Incunabula and the Keio University Library Collection


[Sammelband of three works on logic]

[A bound copy of three logical works]

IIIF Drag-n-dropIIIF Manifest

This volume is a Sammelband (bound-set) of three works on logic. This entry deals with the volume as a whole; further information on each of the included works can be found under their respective entries.

The three works contained in this volume, all printed in the 15th century, were compiled/composed by Dominican friars, or are at least strongly associated with the Dominican tradition. For example, the author of the first work (IKUL 022a), Armand de Belvezer, was a 14th-century Dominican friar, and the author of the third work (IKUL 022c), Girolamo Savonarola, was a famous Dominican preacher in 15th-century Florence.
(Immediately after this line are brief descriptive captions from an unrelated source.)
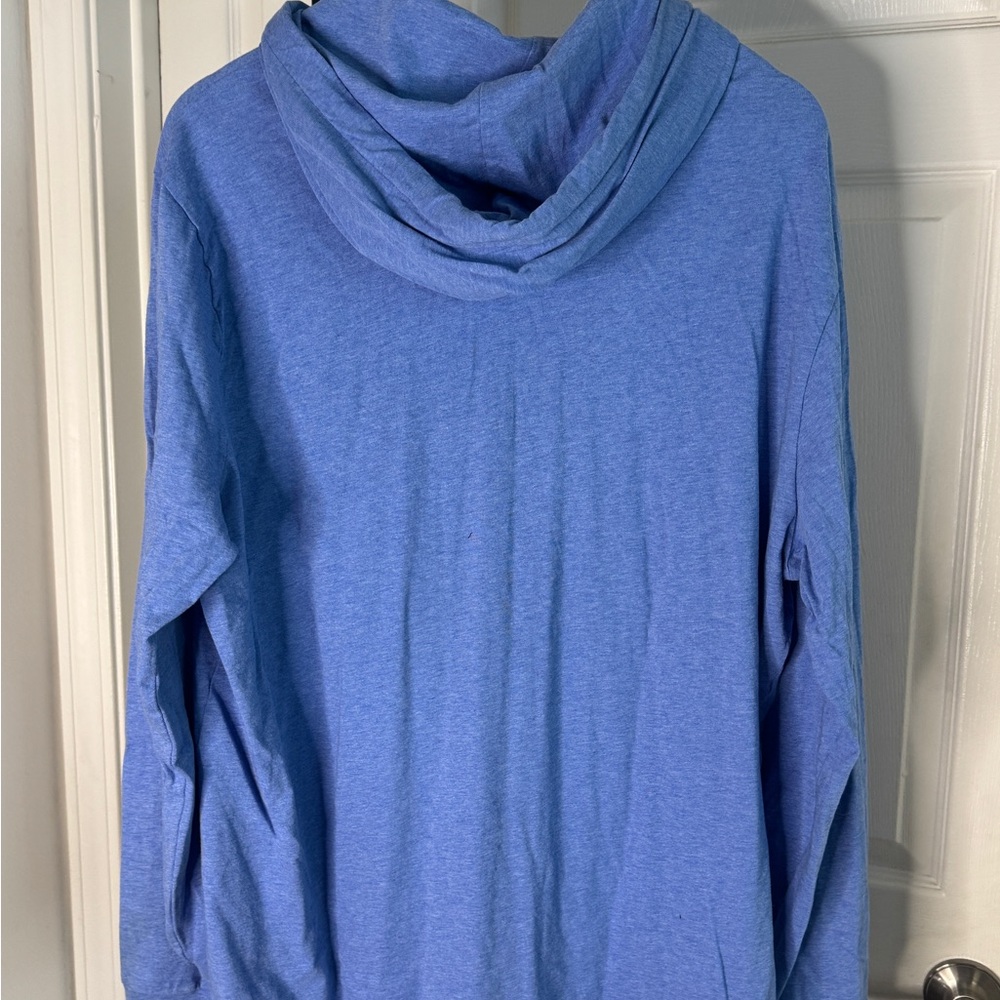 Polo by Ralph Lauren French Blue Hooded T-Shirt, XL - Picture 2 of 3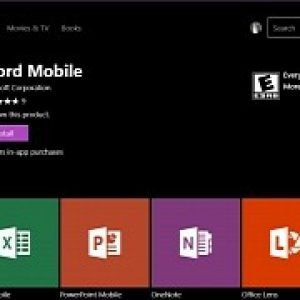 Microsoft office mobile apps for windows 10 go dark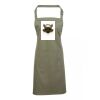 PR154 Premier Grembiule con pettorina e tasca frontale 65% poliestere 35% cotone 195gr Thumbnail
Medieval manuscripts and incunabula attribute authorship of the second work (IKUL 022b) to Thomas Aquinas, even though it was not actually composed by him; of course, Aquinas was also a Dominican. Furthermore, all three works are concerned with logic, which was an integral part of the Dominican curriculum (although this was not an exclusively Dominican tradition).
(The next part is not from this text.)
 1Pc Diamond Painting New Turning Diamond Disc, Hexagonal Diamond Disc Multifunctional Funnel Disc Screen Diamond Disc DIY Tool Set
Further evidence linking this volume to the Dominican tradition is that it was once owned by a Dominican friar, probably in the late 15th or early 16th century. A handwritten note on the flyleaf of the volume reads: 'Brother Johannes Naustadt of the Leipzig convent of the Order of the Preachers' (Frater Johannes Naustadi ordinis predicatorum conventus Lipsensis).

It is noteworthy that this individual belonged to a Leipzig convent, as the second and third works were printed in Leipzig. The title page of the second work makes it clear that it was not only printed in the city, but that it had been revised there prior to being printed. It is quite possible that the Dominicans in Leipzig were involved in this revision (see the further discussion under the entry for IKUL 022b).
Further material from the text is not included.